Extracted records
··········

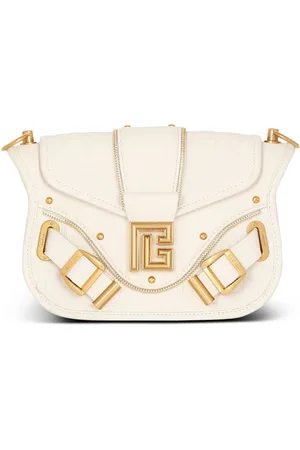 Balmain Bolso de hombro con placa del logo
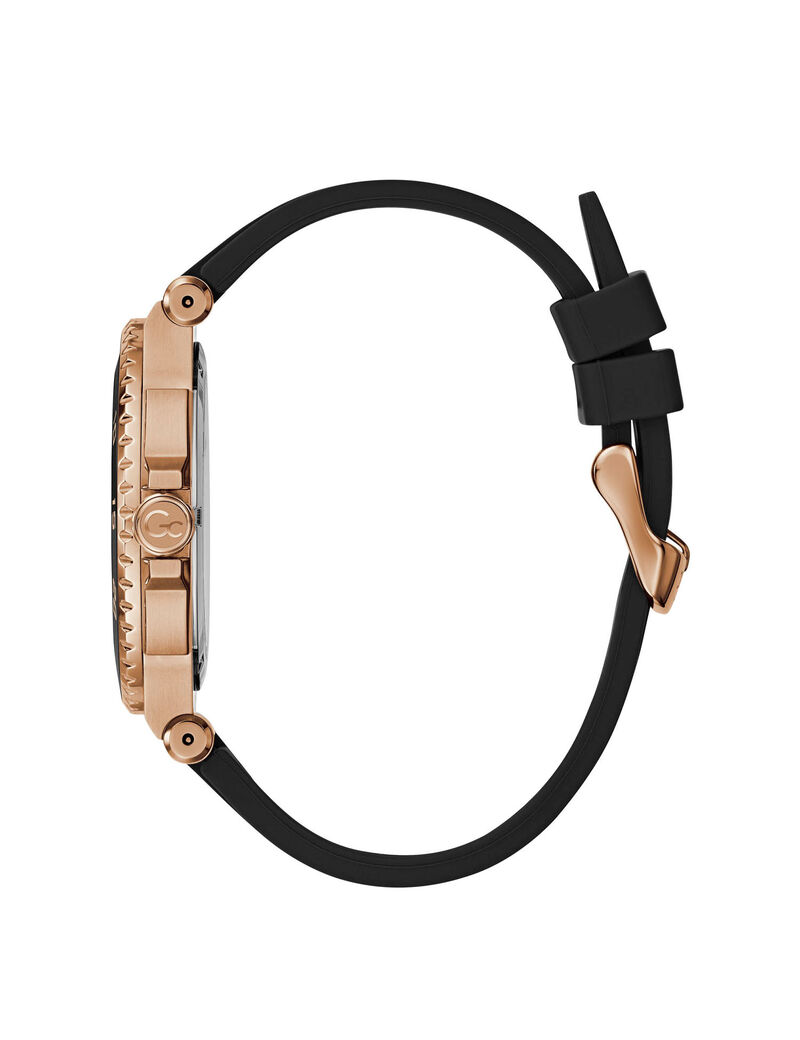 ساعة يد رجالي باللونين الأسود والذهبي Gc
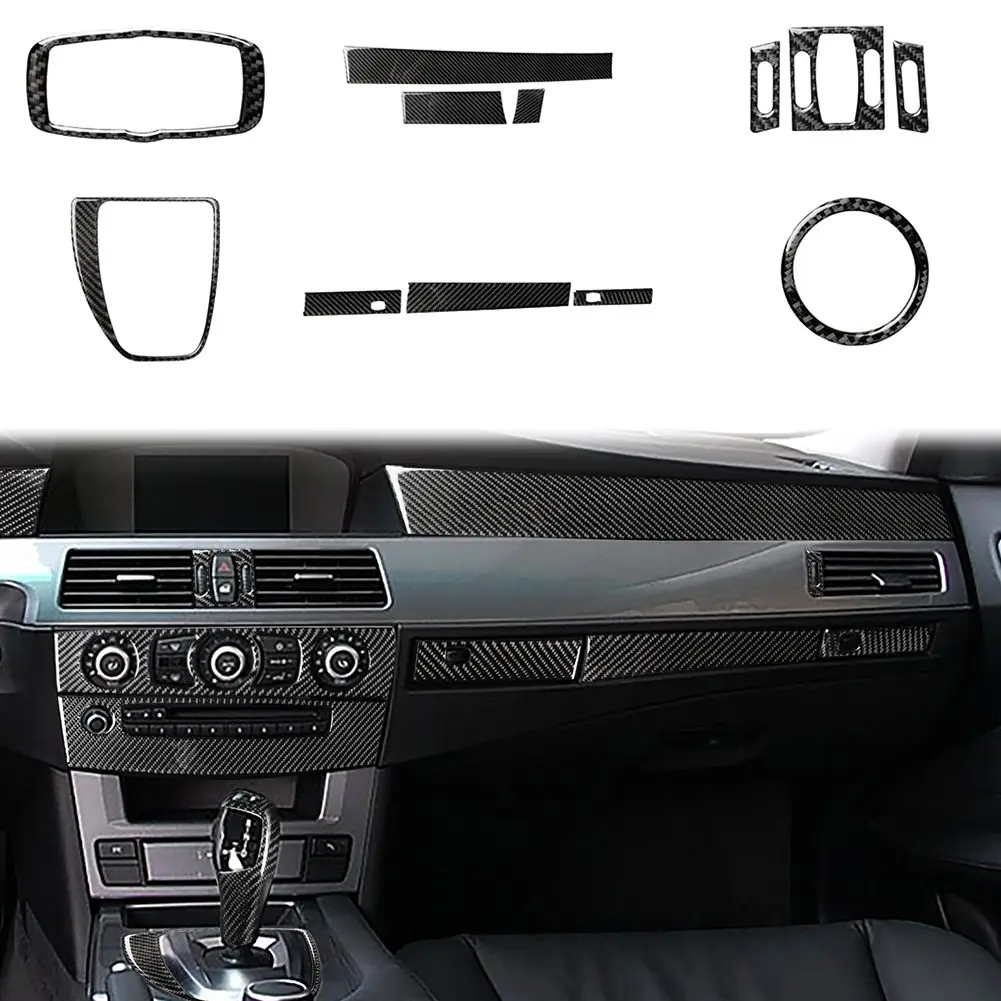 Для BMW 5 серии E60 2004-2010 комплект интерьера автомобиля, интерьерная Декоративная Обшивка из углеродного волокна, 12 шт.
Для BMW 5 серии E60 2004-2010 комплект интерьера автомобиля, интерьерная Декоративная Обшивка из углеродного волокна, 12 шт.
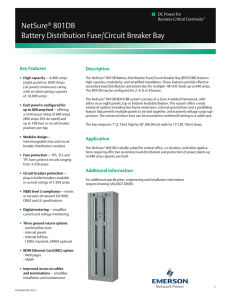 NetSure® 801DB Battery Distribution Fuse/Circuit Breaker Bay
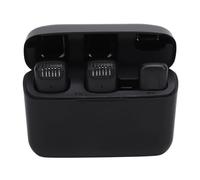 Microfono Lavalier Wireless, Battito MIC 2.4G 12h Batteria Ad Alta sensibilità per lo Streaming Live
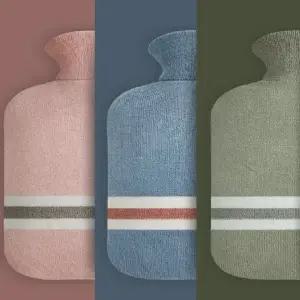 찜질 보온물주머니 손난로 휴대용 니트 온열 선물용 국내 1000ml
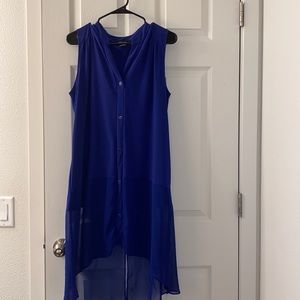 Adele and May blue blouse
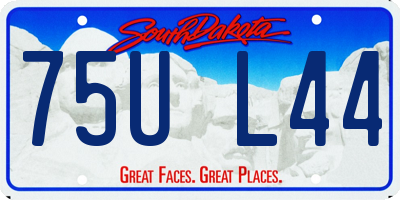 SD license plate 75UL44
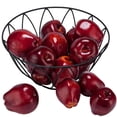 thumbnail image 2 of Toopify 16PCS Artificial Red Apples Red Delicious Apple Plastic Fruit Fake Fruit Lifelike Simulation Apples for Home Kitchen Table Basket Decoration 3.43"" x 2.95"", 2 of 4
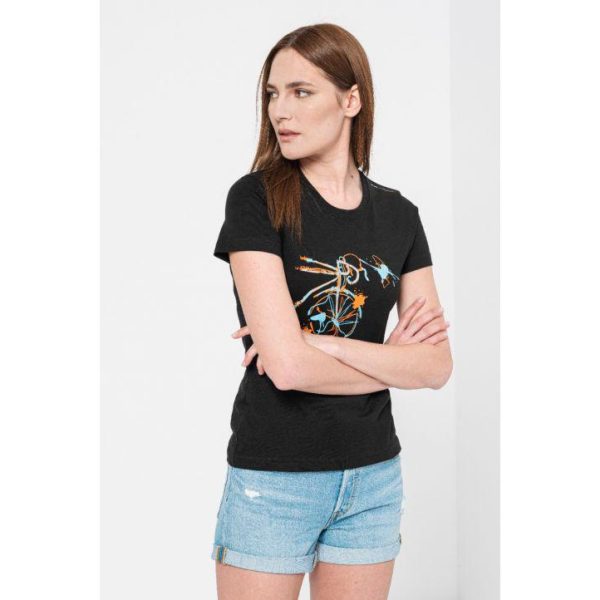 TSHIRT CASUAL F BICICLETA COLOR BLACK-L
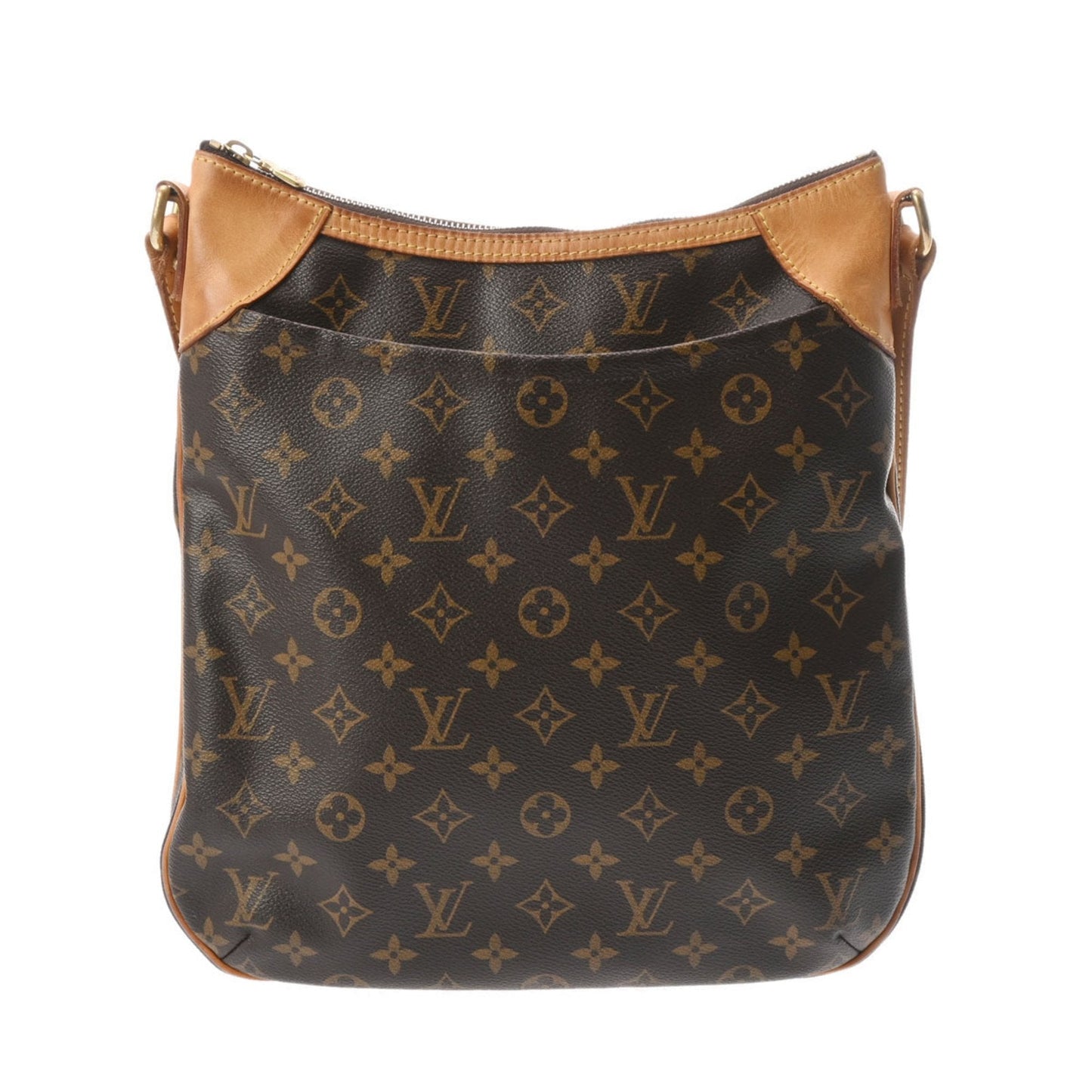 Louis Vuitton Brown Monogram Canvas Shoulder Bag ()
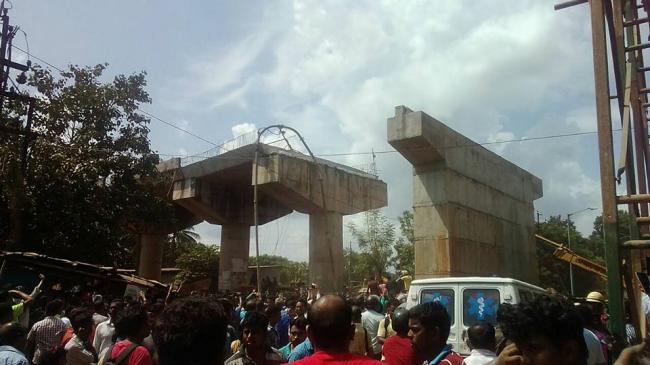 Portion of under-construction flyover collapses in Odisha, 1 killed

··········

◆ **ABOUT THIS TASK**:
No picture belongs in the answer, but every word of the records above does, exactly as given.

◆ **TASK RESULT**:
 Balmain Bolso de hombro con placa del logo
 ساعة يد رجالي باللونين الأسود والذهبي Gc
 Для BMW 5 серии E60 2004-2010 комплект интерьера автомобиля, интерьерная Декоративная Обшивка из углеродного волокна, 12 шт.
Для BMW 5 серии E60 2004-2010 комплект интерьера автомобиля, интерьерная Декоративная Обшивка из углеродного волокна, 12 шт.
 NetSure® 801DB Battery Distribution Fuse/Circuit Breaker Bay
 Microfono Lavalier Wireless, Battito MIC 2.4G 12h Batteria Ad Alta sensibilità per lo Streaming Live
 찜질 보온물주머니 손난로 휴대용 니트 온열 선물용 국내 1000ml
 Adele and May blue blouse
 SD license plate 75UL44
 thumbnail image 2 of Toopify 16PCS Artificial Red Apples Red Delicious Apple Plastic Fruit Fake Fruit Lifelike Simulation Apples for Home Kitchen Table Basket Decoration 3.43"" x 2.95"", 2 of 4
 TSHIRT CASUAL F BICICLETA COLOR BLACK-L
 Louis Vuitton Brown Monogram Canvas Shoulder Bag ()
 Portion of under-construction flyover collapses in Odisha, 1 killed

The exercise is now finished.